On Thursday, members of the Parliamentary Committee of State Affairs and Good Governance made a field visit to Khokana and Bungamati, two Newari settlements that have been protesting against the national pride project citing various reasons like the project posing threats to their cultural and religious heritage sites, indigenous identity as well as insufficient compensation for land acquisition for the project.
Even after the construction work on the project site has begun, locals of both places have continued expressing their discontentment against the project.
Narendra Raj Dangol, local resident of Khokana, said he wouldn’t give his land to the project because he was paid meagrely for his land.
“The market price of the adjoining land plot stands at Rs1.2 million per ropani whereas they are offering me only Rs200,000 for my land piece. If they can’t compensate for our valuable lands, they should go elsewhere,” Dangol, a local teacher, who stands to lose 40 ropanis of land to the expressway project.
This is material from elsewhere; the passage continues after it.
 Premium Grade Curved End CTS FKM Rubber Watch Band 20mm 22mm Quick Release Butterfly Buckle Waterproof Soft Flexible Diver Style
Khokana has been the hotspot for five major development projects—expressway, Outer Ring Road, Bagmati Corridor, a Satellite City, and a high-tension transmission line.
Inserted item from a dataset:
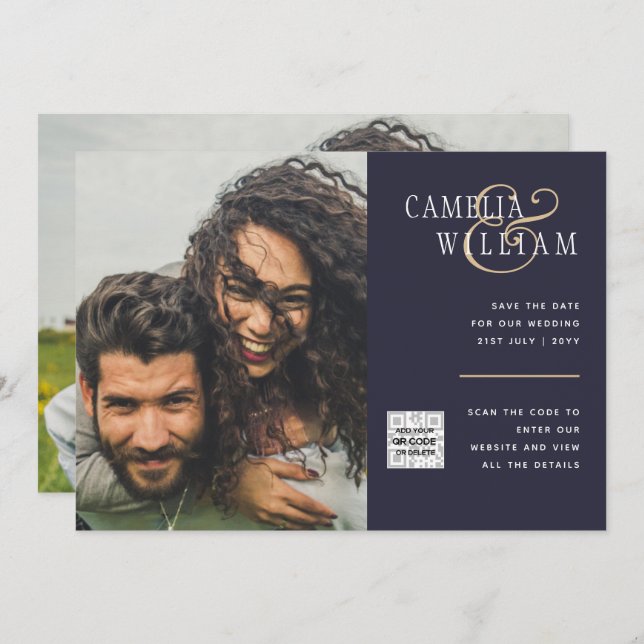 Invitación FOTO Boda Invitar código QR Guardar fecha AZUL (Anverso / Reverso)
“We don’t want the fast-track running through our land asseveral other projects are concentrated in the area. Where would we go if every megaproject comes here?
We will be ultimately displaced,” Dangol told the visiting lawmakers.
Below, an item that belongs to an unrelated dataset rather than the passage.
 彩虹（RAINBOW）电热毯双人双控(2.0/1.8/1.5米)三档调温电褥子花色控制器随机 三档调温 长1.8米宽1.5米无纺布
In May 2015, the government had fixed compensation amount at Rs150,000 for the land with no road connectivity and Rs200,000 for land plots having road connectivity while attaining the land for the project.
Ratna Man Tuladhar, a local of Bungamati, said the government was forcing the public to evict their own land where they have been staying for generations.
“Bungmati is not only a historical site, but also a religious and sacred place for Newars. Many festivals of Newars take place in Bungamati and Khokana,” said Tuladhar. “We are not looking up to the government for another decision, but we are looking
for justice.”
The Nepal Army is building the 76.2-km track that stretches from Khokana of Lalitpur to Nijgadh of Bara. Locals of both the places have accused the Nepal Army of occupying their land without providing compensation.
Mahendra Brahmacharya, a culture conservationist associated with Nepal Sanskritik Punarjaagaran Abhiyan, accused the NA of capturing land of indigenous people violating the national and international laws on protection of indigenous communities.
“This is not just land encroachment, but an attack on our culture. The security forces threatened us when we tried to plant paddy this season on our fields for which we have not been compensated,” Brahmacharya told the parliamentarians.
“We know the expressway is a national pride project. Culture and heritage is also national pride. How can we build one national pride project at the cost of another,” he added.
Nepal Majdoor Kisan Party lawmaker Prem Suwal told the Post that with so many major project based in their locality, locals were disgruntled.